Parenting, caregiving, teaching and any other profession or responsibility where a person’s well being is largely put in your hands is bound to be stressful varying amounts and times. This article outlines some tips to make this job easier for you and introduce you to some resources you may not have already known about. Implement some of these for ease and happiness in both your lives.
Assess The Situation
Much like where you would first begin when creating a financial budget, you will assess the needs of the vulnerable adult needing care in your life. The things that will effect your list are any physical limitations or handicaps, how well the person feels and any goals the person has or outcomes that matter to them. This can be an informal conversation and writing down of the needs or a formal assessment made available by a local professional. This professional can be a GP, mental health nurse, or community nurse and this assessment could be made free under the Care Act.
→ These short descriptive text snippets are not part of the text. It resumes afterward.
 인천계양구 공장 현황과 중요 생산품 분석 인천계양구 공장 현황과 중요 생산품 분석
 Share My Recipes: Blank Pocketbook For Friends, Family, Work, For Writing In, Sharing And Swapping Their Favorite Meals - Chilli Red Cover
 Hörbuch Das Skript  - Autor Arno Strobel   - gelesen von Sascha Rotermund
If you are unsure if you are able to provide the care needed for this vulnerable adult, you too qualify as a caregiver, to get your own assessment.
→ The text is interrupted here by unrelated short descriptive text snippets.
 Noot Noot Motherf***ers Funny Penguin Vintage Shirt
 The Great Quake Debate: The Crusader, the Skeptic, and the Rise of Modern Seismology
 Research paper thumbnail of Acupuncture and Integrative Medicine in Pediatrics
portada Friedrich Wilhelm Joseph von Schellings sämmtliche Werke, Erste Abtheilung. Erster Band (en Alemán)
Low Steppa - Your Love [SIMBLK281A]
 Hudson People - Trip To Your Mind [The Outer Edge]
If you find that you are unable to fill some gaps in the list of needs or completed assessment, now is the time to fill those needs by delegating to the appropriate people or services to fill the need. Don’t forget to assess your own emotional needs, schedule, and ability to give care to this vulnerable adult or loved one. You may be able to contribute 85% of the care needed on the list, but at what cost? If your own health and sanity is forfeited by taking on an overwhelming task load, neither of you will benefit. Allowing enough space between you will enhance the quality of time and care you give when you’re able, so delegate where you can.
Keeping the care organized, even among other care givers you’ve appointed tasks and services to, is essential to your sanity and a means of keeping other parts of your life separate. Jointly is a free app you can download to organize the communication (via text messaging) between you and other caregivers of your vulnerable adult or loved one, medications, tasks lists, notes, associated contacts, and more.
It’s important to care for yourself and part of that is clearing any emotions that weigh on you regarding the responsibility of caring for a vulnerable adult. Dealing with this in the right way for you will vary from person to person. You might clear your emotions by releasing the tension through your body by scheduling a regular massage or by joining a support group for caregivers. Searching for group therapy or individual counseling specific to carers or caregivers will probably be fruitful. Even if it’s not your style to share with a group, you might benefit from going once or once in awhile. It could also benefit your vulnerable adult/caregiving relationship to encourage or schedule other socializing events for your client or loved one.